Esta é uma mulher diabética de 66 anos com um historial de vírus da hepatite C de etiologia pós-transfusão.
Em Janeiro de 2006, apresentou uma síndrome de vazio persistente que não respondeu ao tratamento e foi submetida a cistoscopia com a TUR subsequente. Foi-lhe diagnosticado o carcinoma pTa G3 da bexiga e começou o tratamento com BCG intravesical.
O TUR de seguimento no final do tratamento com BCG detectou a presença de múltiplos focos de carcinoma na bexiga, confirmando o diagnóstico de carcinoma urotelial que invade a camada muscular (pT2 G3).
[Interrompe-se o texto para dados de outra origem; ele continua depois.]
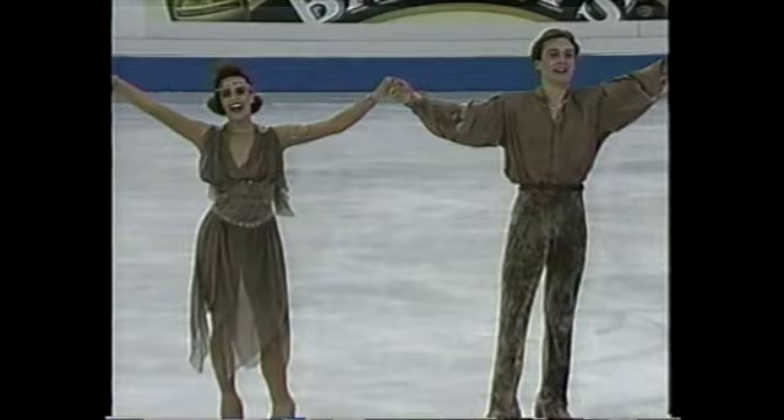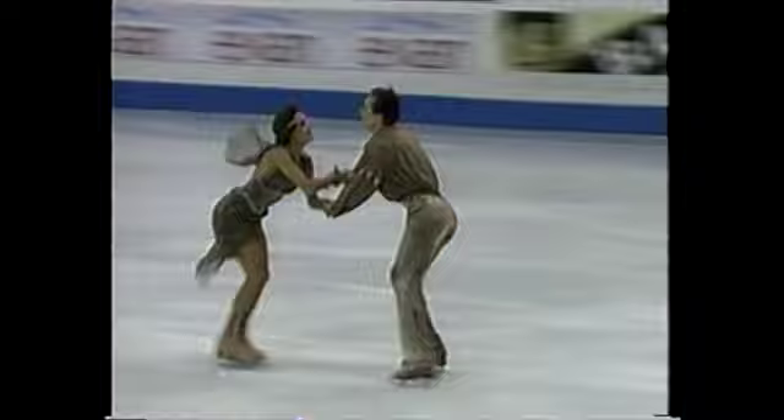Nice round of applause for Irina Romanova and Igor Yaroshenko. And she's happy because she was able to get through all of the twizzles that she had to perform throughout the free dance. It's really a test of accuracy with the feet.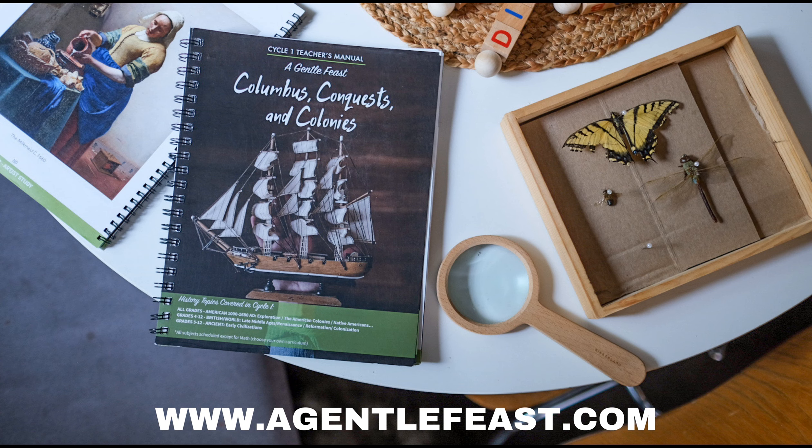Today's episode is brought to you by A Gentle Feast. A Gentle Feast offers a complete living books curriculum, an award-winning early reading program, and more tools to equip you to apply Charlotte Mason's timeless philosophy into your modern homeschool. Go to agentlefeast.com to check it out.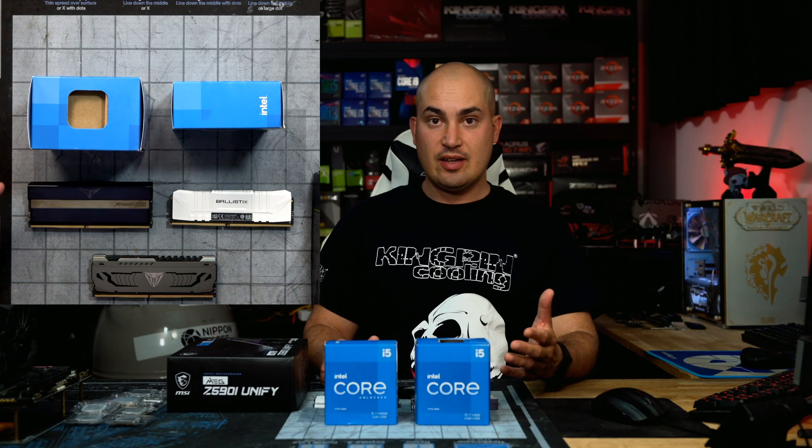Alright, so here we have the 11400, the 11600K, and 3 kits of memory.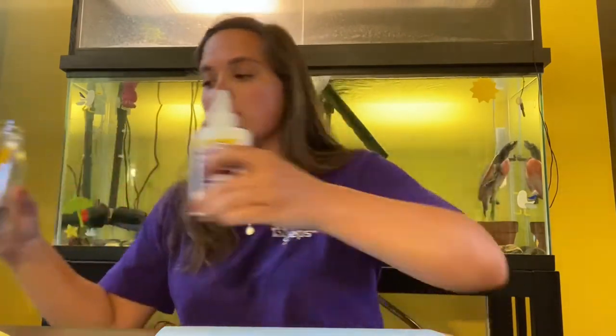He is an aquatic turtle and he will be joining us today on our craft. We are going to be making blown coral reef. So what you're gonna need to make your own coral reef at home is some construction paper, scissors, glue, markers or crayons. You will also need a straw. You also need either paint or watercolors.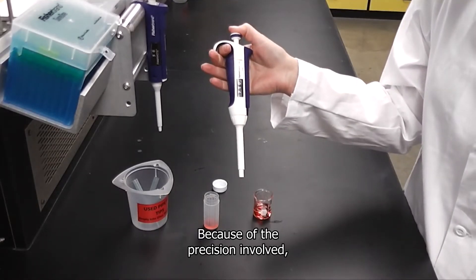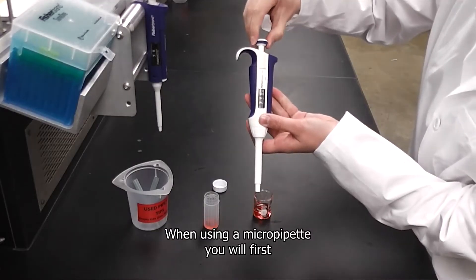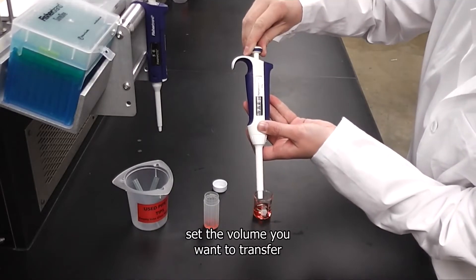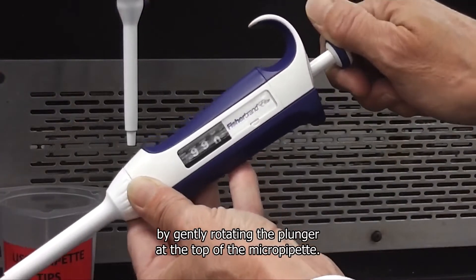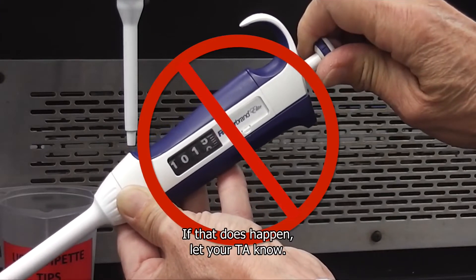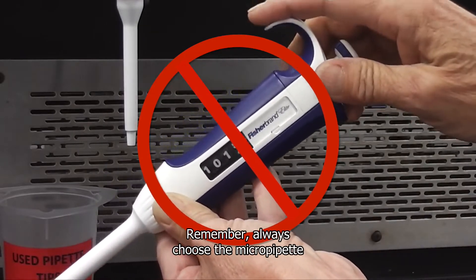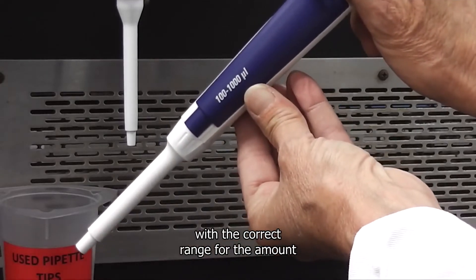Because of the precision involved, your technique is very important. When using a micropipet you will first set the volume you want to transfer by gently rotating the plunger at the top of the micropipet. Stay within the range of the micropipet or the numbers will jam. If that does happen, let your TA know. Always choose the micropipet with the correct range for the amount you want to transfer.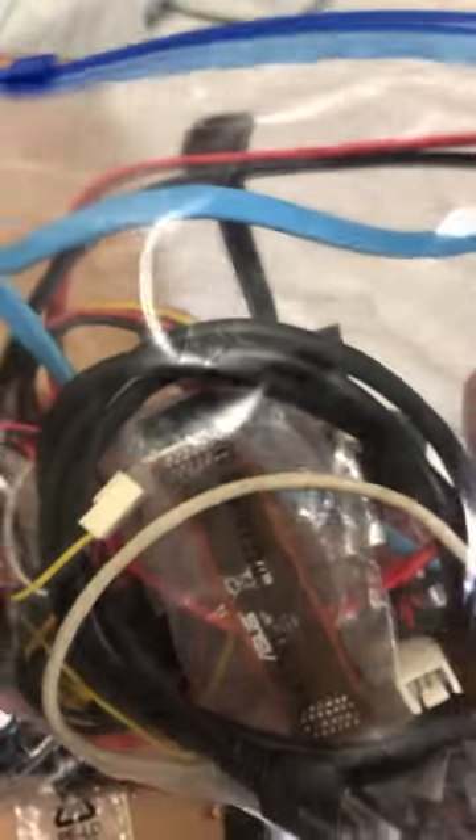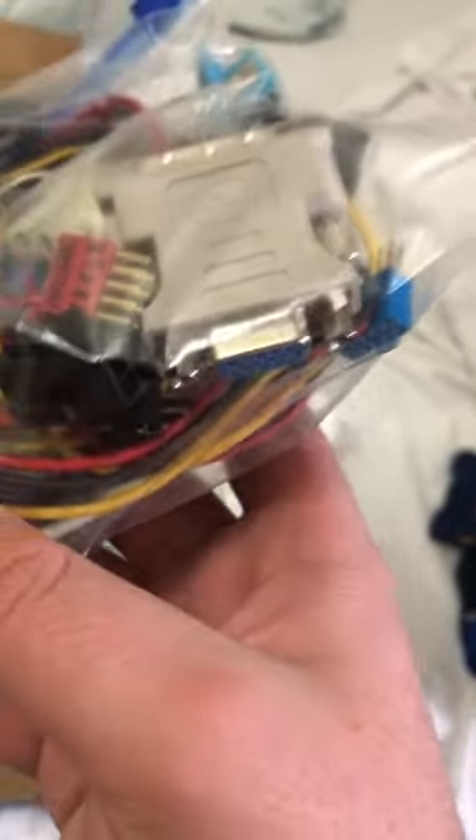A bunch of cables, not limited to: a SATA cable, an Ethernet cable, an SLI bridge, a little motherboard speaker, a 4-pin CPU to 8-pin CPU adapter, a little USB header clarifier, two cables that are molex to SATA, and a DVI to VGA.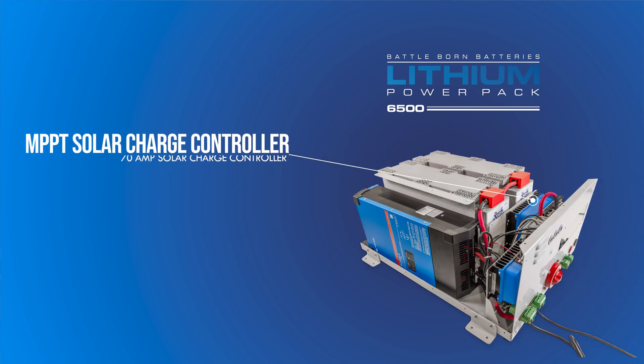Along with those pieces, we've got a 150-70 Victron Smart Solar MPPT solar charge controller, along with the Victron DC to DC charger.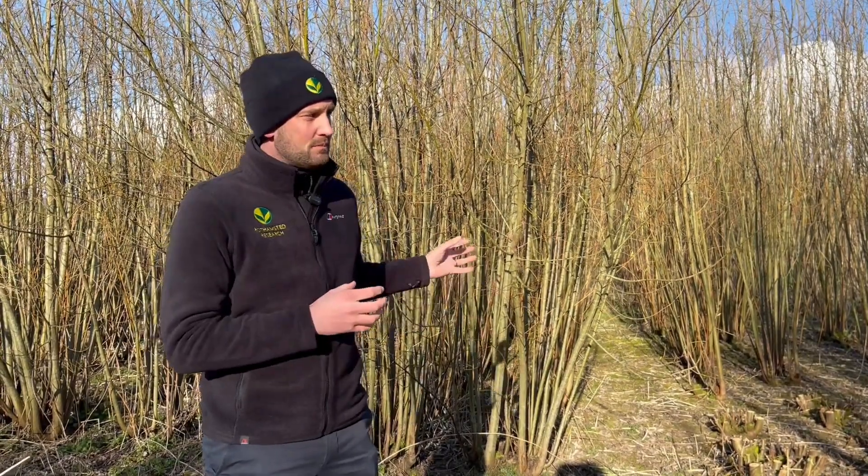Often the sum of the monoculture yields from research plots like this is actually less than from a mixture, so it can help with yields as well. But we really think that planting a mixture is a good way forward.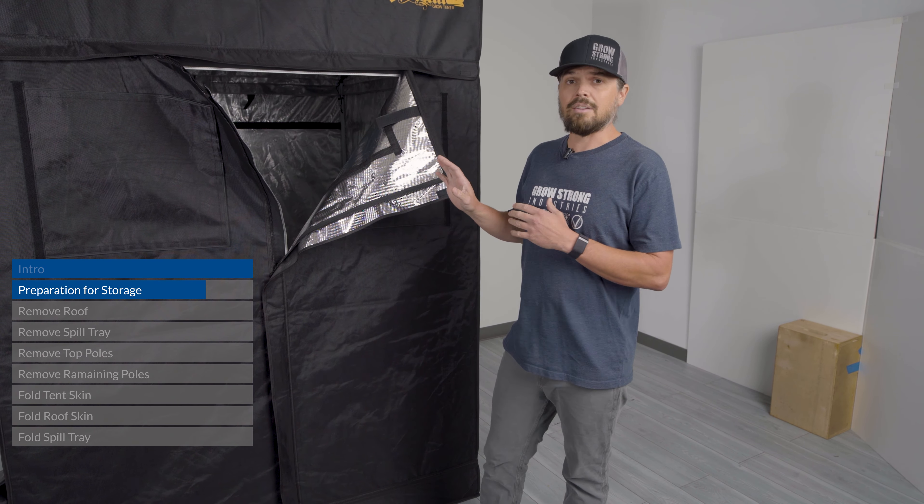If all of those criteria are met, you can store one of these tents no problem for multiple years, and when you pull it out of the box it should be in the exact same condition as when you left it. To begin, go through the same steps you took to put the tent up — first we're going to zip off the roof.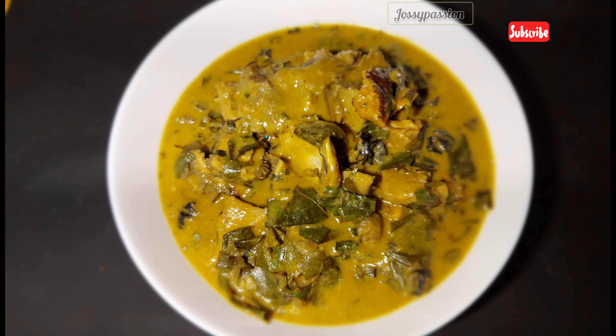Once I've gotten the consistency I want, I add in the fish powder, oziza leaves, some pepper, stir, and add some salt to taste. Then add some oziza seed — the kubep seed — then some crayfish powder. I'll be adding crayfish two times, so I'll be adding everything now. Stir your soup to combine everything together.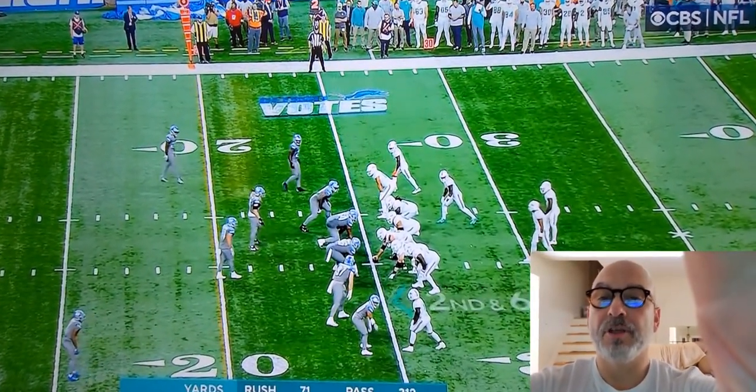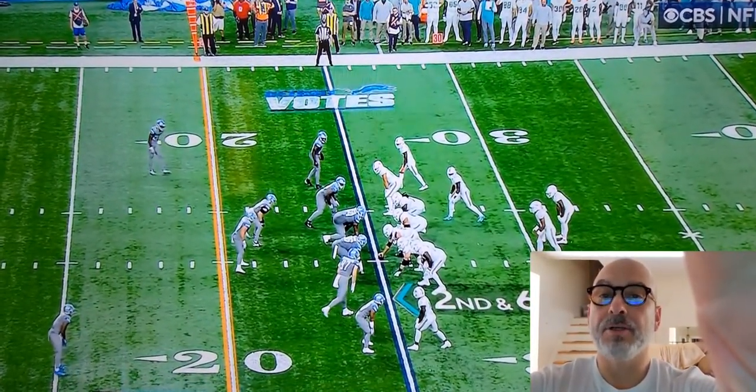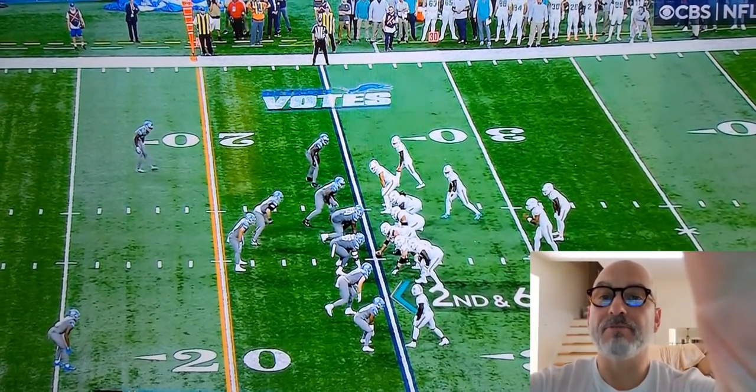Here's a nice design here on a reverse. You'll see it's off-counter action. Watch the second puller — he's going to redirect here.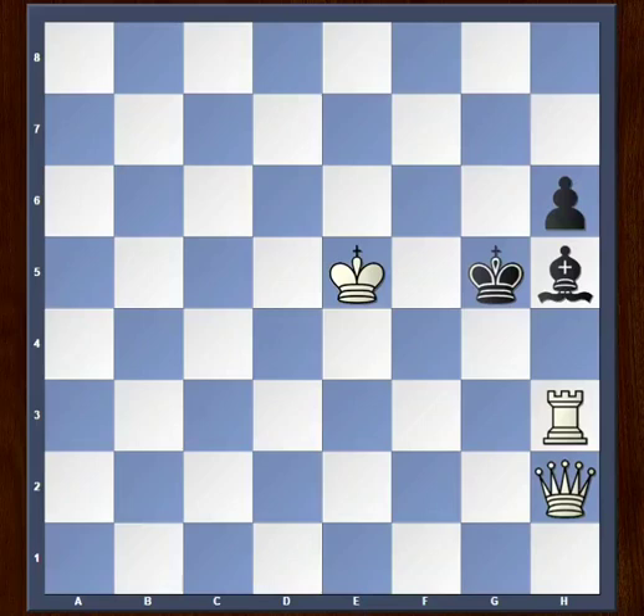The only move that wins for white and delivers checkmate in two starts with queen to a2. Note that anything like queen c2 is not going to work because black has bishop g4, and that is avoiding checkmate. That's why queen a2 is the only move that delivers checkmate in two.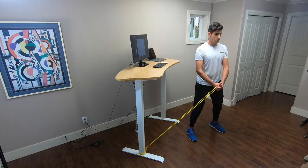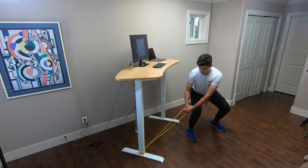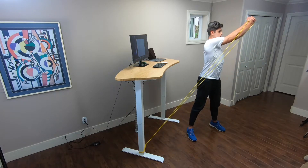Attach the resistance band as low as possible to the ground, take a big step so that you feel the resistance from the band. Try to keep your arms extended and close to your body throughout the exercise.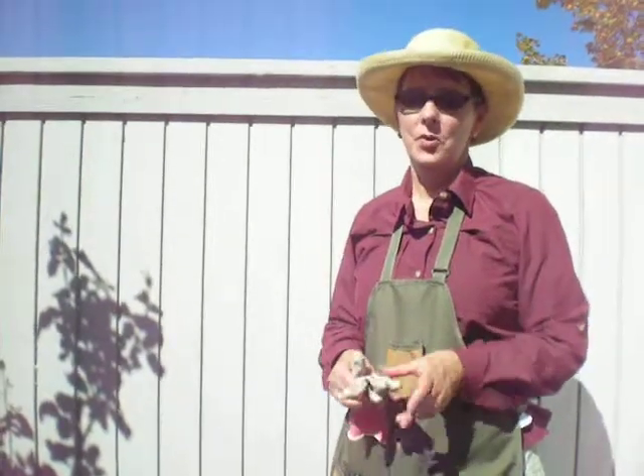Hi, this is Harriet from RoseCareTips.com with another Rose Care Minute. I'd like to show you what I wear when I'm working in my rose garden. First of all, long sleeves — very important, roses scratch. We've all found that out the hard way.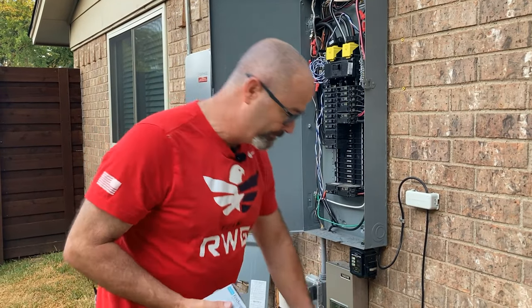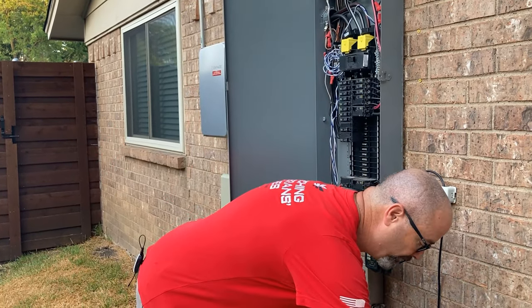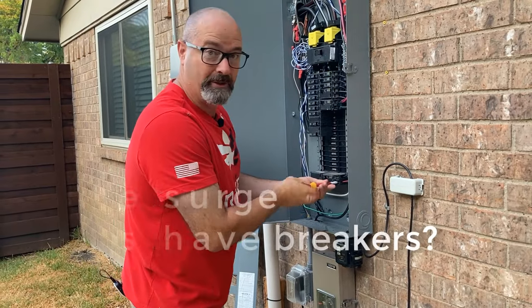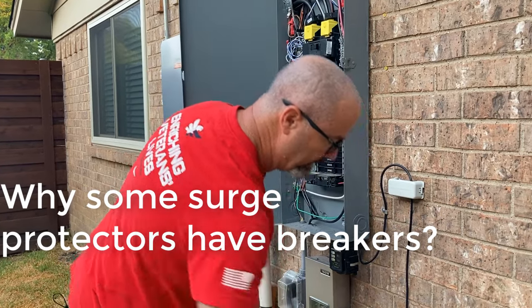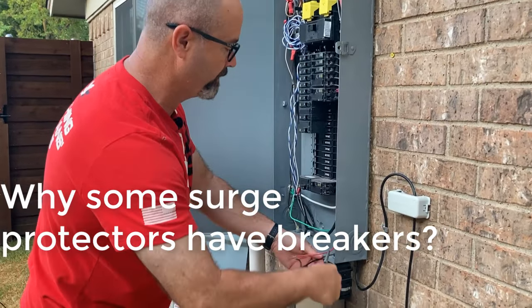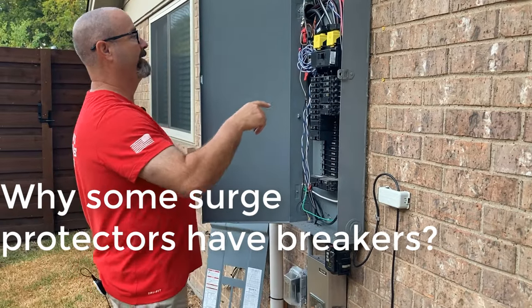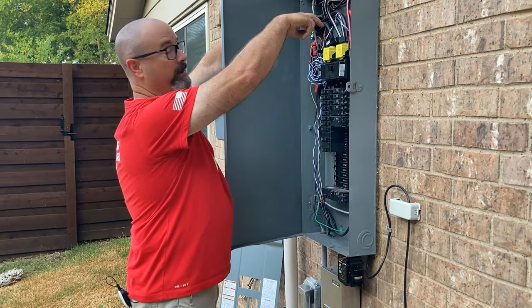I'm going to turn off the two-pole 50 that's currently for the Ultra, take the Ultra out, put in the two-pole 20 that the FS 140 requires. While I'm doing this — somebody messaged me about why some surge protectors have breakers and some don't. The difference is type 1 versus type 2. Type 1 surge protectors you can tap ahead of the main breaker. With a type 1, like Ditek makes, you could tap into your meter can ahead of the main, utility company allowing.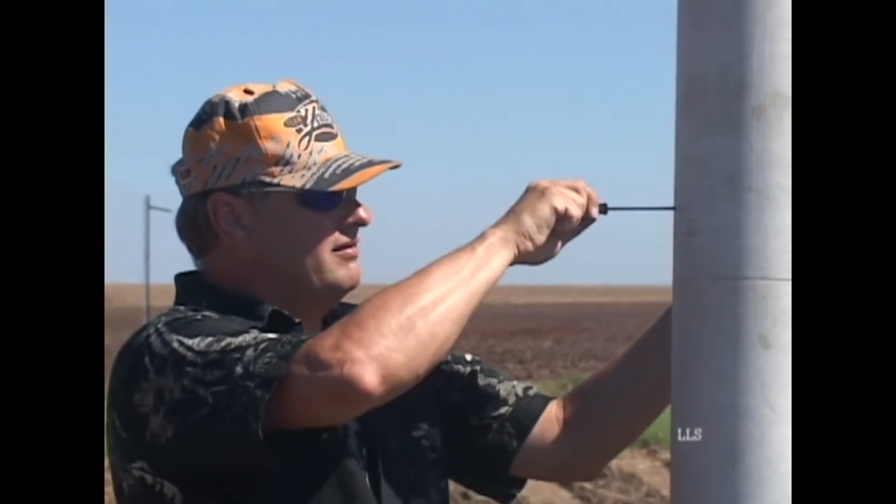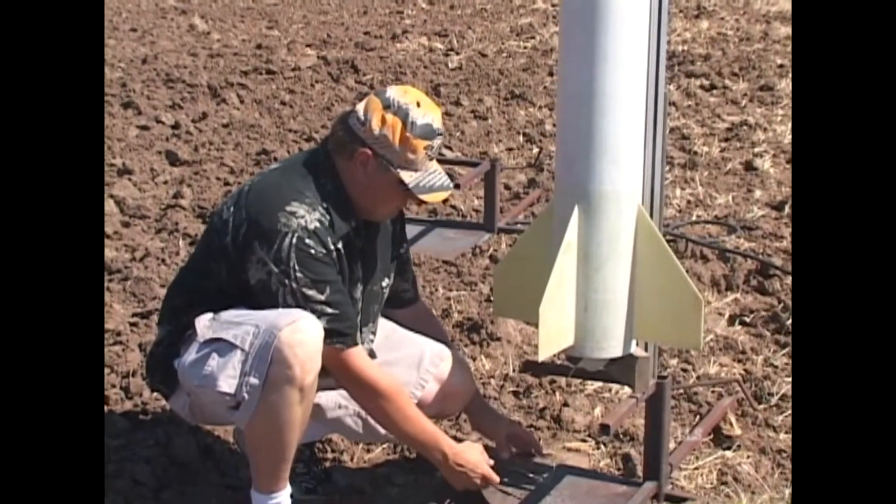It's flying on an Aerotech M2400 Blue Thunder motor. It's a dual deploy, two altimeters, a Gee Whiz MC and an Adept Elts 25. Main is going to come out at 1,000 with backup at 800. It's got a 36 inch drogue in it, both are sky angle chutes.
Em Julho de 2006 foi submetida a uma cistectomia radical com separação de urina através de uma ureterosigmoidostomia tipo Mainz II. A anatomia patológica mostrou um carcinoma urotelial de alto grau com invasão da camada muscular e envolvimento de um dos gânglios linfáticos ressecados, um pT2a N1. Não foram detectadas metástases distantes.
Duas semanas após a operação, apresentou desorientação e uma tendência para dormir no contexto de uma condição compatível com uma infecção do tracto urinário. Após 24 horas de observação, hidratação intravenosa e antibioticoterapia, ela recuperou e teve alta com antibióticos orais.
Dez dias depois regressou ao hospital com o aparecimento de dispraxia, tendência para dormir, fala incoerente e sonolência. Durante o episódio ela também apresentou um pico febril de 38,5ºC. A bioquímica e o hemograma eram normais (sem leucocitose ou neutrofilia). Uma ecografia abdominal identificou uma hidronefrose bilateral moderada e uma tomografia ao cérebro foi normal.
Durante a sua admissão, e após o início do tratamento com antibióticos de largo espectro e da terapia com fluidos, o quadro confuso foi sendo gradualmente resolvido até à completa recuperação.
Alguns dias mais tarde, o doente voltou a apresentar uma deterioração cognitiva. Nesta ocasião, o início dos sintomas centrais tinha sido semelhante, com dispraxia, dificuldade súbita em realizar tarefas diárias, sonolência e sonolência, mas nesta ocasião ela chegou ao hospital em coma, com uma pontuação de 8 em Glasgow Glasgow.
Os testes laboratoriais mostraram apenas hiperglicemia moderada e transaminases ligeiramente elevadas.
Um electroencefalograma mostrou ondas lentas em áreas de ambos os hemisférios, achados característicos da encefalopatia metabólica. Uma tomografia computorizada do cérebro não mostrou anomalias estruturais. À semelhança da admissão anterior, após vários dias no hospital com terapia de fluidos de apoio e dieta absoluta, o paciente experimentou uma melhoria progressiva com recuperação clínica completa.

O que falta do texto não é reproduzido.